(Records drawn from a dataset)
┄┄┄┄┄┄
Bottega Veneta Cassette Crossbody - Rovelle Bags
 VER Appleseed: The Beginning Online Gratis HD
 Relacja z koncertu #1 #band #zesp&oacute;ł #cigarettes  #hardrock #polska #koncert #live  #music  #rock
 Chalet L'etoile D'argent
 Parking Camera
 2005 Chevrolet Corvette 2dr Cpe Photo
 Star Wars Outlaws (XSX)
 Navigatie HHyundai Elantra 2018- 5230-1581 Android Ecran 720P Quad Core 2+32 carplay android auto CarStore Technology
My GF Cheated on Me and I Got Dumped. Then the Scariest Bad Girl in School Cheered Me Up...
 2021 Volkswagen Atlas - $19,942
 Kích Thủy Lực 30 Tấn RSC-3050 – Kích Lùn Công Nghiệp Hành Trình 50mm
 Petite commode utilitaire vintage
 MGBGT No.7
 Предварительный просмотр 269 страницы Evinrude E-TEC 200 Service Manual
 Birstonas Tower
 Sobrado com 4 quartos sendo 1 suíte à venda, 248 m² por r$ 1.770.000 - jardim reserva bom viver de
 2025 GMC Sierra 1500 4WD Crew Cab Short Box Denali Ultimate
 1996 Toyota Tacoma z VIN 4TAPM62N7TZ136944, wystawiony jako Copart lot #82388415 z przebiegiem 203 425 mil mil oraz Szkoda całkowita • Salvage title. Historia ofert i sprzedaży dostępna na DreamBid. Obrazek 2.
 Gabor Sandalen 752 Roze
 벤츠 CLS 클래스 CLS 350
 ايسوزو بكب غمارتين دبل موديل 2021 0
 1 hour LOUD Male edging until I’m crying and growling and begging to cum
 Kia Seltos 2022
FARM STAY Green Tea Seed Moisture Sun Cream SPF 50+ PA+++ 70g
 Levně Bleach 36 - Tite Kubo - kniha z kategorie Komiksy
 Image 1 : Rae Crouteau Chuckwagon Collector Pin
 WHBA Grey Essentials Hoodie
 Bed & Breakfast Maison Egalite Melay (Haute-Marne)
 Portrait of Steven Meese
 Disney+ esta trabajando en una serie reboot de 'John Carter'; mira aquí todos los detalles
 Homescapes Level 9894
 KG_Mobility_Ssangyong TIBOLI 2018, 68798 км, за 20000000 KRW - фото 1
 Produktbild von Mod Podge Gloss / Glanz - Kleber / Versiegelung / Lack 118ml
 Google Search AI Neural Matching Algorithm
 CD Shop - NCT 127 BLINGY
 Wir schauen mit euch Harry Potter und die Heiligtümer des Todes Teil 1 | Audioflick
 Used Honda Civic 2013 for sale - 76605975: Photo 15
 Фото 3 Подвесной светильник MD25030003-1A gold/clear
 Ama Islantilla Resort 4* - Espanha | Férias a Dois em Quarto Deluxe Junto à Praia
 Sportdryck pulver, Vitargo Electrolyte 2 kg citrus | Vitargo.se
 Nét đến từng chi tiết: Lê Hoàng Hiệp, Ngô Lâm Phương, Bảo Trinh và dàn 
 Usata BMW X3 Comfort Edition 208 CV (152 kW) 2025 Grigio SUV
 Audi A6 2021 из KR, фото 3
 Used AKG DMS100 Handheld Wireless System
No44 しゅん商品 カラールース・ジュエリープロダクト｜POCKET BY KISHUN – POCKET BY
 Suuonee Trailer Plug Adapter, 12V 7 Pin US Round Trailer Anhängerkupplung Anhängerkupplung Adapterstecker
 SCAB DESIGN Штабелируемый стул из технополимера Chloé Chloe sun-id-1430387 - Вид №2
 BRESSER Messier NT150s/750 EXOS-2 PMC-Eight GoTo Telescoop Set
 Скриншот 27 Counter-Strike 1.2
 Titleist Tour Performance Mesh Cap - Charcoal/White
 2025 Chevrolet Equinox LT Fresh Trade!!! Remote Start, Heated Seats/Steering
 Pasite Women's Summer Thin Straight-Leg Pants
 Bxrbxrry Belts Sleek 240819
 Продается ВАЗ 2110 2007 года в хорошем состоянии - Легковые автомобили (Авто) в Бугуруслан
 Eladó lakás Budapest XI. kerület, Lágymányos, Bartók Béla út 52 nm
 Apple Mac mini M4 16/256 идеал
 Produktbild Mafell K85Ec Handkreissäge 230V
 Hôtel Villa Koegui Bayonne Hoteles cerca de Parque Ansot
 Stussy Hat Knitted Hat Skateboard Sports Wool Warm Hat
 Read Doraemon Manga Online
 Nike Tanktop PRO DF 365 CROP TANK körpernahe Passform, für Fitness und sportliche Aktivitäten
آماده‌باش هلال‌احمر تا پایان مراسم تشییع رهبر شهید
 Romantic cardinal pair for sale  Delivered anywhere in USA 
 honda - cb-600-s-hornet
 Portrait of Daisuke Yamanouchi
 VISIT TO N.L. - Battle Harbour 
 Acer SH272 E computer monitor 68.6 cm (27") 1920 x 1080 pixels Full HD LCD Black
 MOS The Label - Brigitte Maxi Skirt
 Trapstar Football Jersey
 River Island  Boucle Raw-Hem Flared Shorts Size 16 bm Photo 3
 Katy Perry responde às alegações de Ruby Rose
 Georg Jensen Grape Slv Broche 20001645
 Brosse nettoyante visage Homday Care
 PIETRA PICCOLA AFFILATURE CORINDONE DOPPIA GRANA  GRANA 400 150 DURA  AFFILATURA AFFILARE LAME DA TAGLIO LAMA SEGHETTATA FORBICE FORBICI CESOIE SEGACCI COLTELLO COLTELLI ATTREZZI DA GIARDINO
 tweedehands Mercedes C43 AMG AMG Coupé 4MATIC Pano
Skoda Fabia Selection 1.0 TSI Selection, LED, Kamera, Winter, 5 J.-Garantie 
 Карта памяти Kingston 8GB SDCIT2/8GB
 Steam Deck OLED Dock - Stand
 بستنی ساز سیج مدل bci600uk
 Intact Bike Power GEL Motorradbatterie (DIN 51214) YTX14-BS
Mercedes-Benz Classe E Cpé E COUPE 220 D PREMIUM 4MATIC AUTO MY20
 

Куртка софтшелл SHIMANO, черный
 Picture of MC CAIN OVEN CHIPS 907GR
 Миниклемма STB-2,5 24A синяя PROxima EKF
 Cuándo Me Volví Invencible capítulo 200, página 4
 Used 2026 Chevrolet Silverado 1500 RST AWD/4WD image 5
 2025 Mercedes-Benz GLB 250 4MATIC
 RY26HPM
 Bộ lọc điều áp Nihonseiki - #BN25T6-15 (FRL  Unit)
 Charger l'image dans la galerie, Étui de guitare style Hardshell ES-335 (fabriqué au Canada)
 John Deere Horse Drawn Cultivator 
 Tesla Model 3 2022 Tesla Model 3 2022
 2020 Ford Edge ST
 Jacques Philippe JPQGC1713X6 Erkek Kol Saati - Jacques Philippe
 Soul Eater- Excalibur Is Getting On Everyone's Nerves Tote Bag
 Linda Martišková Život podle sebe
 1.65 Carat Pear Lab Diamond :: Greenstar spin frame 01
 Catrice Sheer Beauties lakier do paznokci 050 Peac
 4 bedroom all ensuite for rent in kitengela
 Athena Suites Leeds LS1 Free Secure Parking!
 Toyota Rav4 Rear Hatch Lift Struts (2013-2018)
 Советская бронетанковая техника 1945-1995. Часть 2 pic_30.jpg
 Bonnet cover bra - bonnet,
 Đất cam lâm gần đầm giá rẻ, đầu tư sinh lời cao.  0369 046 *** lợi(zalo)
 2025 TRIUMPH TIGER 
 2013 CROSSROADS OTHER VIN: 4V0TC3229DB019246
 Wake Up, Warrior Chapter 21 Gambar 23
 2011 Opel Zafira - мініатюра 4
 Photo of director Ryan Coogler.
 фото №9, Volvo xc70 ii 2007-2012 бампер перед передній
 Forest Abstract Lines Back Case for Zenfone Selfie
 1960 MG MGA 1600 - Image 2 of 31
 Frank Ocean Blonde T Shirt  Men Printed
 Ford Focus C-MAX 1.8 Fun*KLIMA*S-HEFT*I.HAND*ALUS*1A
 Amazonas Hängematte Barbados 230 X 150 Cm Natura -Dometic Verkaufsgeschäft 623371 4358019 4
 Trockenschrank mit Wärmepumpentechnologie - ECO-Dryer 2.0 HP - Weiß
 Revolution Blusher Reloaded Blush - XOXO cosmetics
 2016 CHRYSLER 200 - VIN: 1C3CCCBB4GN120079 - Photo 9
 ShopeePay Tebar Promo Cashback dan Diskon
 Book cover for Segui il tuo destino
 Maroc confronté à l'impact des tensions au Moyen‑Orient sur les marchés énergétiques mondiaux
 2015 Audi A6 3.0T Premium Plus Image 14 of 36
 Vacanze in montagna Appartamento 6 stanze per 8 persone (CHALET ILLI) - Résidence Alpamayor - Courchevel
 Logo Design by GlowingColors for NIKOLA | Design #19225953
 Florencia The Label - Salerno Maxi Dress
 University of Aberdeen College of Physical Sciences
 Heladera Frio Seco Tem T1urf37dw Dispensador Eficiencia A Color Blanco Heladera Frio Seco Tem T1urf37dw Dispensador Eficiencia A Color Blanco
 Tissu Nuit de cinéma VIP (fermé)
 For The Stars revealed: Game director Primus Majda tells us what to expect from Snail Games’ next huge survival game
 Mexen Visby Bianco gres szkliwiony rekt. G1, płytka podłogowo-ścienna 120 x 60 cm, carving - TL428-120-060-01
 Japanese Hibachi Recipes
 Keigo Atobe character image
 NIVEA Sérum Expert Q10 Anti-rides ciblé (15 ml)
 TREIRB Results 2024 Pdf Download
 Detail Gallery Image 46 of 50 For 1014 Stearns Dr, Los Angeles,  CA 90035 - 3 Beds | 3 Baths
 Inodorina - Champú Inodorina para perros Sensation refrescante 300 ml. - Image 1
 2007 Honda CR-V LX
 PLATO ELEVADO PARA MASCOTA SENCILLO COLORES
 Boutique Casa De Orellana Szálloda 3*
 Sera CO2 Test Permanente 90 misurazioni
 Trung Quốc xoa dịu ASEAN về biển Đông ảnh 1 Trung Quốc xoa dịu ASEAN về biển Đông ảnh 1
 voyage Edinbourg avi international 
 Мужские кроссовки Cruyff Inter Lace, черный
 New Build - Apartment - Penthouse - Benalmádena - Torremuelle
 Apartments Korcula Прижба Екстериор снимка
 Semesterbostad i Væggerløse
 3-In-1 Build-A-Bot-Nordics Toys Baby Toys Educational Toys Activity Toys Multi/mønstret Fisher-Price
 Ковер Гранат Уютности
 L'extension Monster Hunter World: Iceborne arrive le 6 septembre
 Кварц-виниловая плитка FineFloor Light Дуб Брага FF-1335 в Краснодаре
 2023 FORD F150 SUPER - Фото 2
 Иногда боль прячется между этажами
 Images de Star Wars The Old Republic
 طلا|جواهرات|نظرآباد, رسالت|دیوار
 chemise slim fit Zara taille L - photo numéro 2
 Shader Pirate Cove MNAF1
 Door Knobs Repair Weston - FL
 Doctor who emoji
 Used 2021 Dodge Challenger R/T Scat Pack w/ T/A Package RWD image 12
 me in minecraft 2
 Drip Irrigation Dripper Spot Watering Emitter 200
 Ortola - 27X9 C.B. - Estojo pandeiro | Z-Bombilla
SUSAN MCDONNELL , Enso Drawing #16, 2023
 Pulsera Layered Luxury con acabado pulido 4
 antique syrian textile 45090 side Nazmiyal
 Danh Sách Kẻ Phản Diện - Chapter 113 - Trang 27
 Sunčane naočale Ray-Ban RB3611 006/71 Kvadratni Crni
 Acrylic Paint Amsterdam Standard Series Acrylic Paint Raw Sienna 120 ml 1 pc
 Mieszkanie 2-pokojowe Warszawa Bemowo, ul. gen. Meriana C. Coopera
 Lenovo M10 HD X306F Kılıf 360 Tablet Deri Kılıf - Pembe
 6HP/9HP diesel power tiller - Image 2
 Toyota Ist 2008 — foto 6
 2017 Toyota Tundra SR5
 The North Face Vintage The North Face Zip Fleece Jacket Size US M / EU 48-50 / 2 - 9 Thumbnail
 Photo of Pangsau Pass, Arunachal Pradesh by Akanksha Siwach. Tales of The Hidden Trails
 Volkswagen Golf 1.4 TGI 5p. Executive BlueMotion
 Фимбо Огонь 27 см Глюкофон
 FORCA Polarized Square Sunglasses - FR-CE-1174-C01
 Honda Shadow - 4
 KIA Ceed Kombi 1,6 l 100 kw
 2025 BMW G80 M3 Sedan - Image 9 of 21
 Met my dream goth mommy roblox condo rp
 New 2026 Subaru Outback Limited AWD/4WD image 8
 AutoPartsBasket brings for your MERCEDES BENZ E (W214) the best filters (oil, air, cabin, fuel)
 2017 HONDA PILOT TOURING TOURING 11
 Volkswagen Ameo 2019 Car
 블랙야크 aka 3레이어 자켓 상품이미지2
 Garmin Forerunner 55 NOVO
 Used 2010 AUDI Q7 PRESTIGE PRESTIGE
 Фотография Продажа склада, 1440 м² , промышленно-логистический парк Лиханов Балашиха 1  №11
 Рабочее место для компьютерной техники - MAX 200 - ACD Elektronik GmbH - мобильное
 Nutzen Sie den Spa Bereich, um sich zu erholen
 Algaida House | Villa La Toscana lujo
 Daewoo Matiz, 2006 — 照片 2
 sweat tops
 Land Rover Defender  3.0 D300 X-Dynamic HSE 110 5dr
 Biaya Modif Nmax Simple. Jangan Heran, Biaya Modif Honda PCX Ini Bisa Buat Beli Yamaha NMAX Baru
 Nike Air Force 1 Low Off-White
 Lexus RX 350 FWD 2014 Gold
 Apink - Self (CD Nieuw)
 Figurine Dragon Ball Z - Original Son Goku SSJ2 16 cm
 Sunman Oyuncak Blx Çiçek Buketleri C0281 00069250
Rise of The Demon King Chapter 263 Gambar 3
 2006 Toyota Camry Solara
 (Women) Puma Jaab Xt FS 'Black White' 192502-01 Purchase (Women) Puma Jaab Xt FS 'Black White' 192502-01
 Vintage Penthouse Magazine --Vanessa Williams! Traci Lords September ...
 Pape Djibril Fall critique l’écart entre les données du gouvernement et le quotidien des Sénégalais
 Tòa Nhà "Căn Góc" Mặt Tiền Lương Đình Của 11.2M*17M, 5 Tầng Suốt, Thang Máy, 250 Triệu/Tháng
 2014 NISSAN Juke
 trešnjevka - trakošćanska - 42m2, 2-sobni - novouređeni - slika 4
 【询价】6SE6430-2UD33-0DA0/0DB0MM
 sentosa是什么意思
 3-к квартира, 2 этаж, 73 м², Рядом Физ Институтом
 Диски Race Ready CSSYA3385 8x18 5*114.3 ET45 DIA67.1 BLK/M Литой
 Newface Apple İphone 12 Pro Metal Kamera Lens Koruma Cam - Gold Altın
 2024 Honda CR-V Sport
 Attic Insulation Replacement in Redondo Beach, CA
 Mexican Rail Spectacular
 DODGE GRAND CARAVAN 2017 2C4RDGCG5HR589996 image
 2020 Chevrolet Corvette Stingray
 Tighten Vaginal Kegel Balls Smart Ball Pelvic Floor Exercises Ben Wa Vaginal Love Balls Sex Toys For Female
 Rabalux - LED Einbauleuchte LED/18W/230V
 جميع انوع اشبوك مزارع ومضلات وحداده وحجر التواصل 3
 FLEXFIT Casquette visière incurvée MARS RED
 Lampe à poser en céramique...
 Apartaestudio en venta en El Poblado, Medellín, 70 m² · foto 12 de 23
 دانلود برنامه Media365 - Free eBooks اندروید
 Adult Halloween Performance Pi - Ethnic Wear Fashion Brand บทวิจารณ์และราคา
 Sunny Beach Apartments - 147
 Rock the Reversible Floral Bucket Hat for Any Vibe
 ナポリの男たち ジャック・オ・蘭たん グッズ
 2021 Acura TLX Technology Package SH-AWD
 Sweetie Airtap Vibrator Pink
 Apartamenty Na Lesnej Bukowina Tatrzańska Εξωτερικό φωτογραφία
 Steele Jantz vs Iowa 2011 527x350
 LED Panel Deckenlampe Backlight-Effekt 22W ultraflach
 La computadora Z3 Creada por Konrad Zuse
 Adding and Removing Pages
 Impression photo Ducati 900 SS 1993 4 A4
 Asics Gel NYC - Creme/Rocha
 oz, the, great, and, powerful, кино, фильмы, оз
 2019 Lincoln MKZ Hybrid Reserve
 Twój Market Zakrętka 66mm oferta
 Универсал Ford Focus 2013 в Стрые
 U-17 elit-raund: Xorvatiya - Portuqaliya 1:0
┄┄┄┄┄┄
WHAT YOU WILL DO: Quote the records above exactly, from the first line through the line containing "ايسوزو بكب غمارتين دبل موديل 2021 0", and nothing more.

RESULT OF THIS EXERCISE:
Bottega Veneta Cassette Crossbody - Rovelle Bags
 VER Appleseed: The Beginning Online Gratis HD
 Relacja z koncertu #1 #band #zesp&oacute;ł #cigarettes  #hardrock #polska #koncert #live  #music  #rock
 Chalet L'etoile D'argent
 Parking Camera
 2005 Chevrolet Corvette 2dr Cpe Photo
 Star Wars Outlaws (XSX)
 Navigatie HHyundai Elantra 2018- 5230-1581 Android Ecran 720P Quad Core 2+32 carplay android auto CarStore Technology
My GF Cheated on Me and I Got Dumped. Then the Scariest Bad Girl in School Cheered Me Up...
 2021 Volkswagen Atlas - $19,942
 Kích Thủy Lực 30 Tấn RSC-3050 – Kích Lùn Công Nghiệp Hành Trình 50mm
 Petite commode utilitaire vintage
 MGBGT No.7
 Предварительный просмотр 269 страницы Evinrude E-TEC 200 Service Manual
 Birstonas Tower
 Sobrado com 4 quartos sendo 1 suíte à venda, 248 m² por r$ 1.770.000 - jardim reserva bom viver de
 2025 GMC Sierra 1500 4WD Crew Cab Short Box Denali Ultimate
 1996 Toyota Tacoma z VIN 4TAPM62N7TZ136944, wystawiony jako Copart lot #82388415 z przebiegiem 203 425 mil mil oraz Szkoda całkowita • Salvage title. Historia ofert i sprzedaży dostępna na DreamBid. Obrazek 2.
 Gabor Sandalen 752 Roze
 벤츠 CLS 클래스 CLS 350
 ايسوزو بكب غمارتين دبل موديل 2021 0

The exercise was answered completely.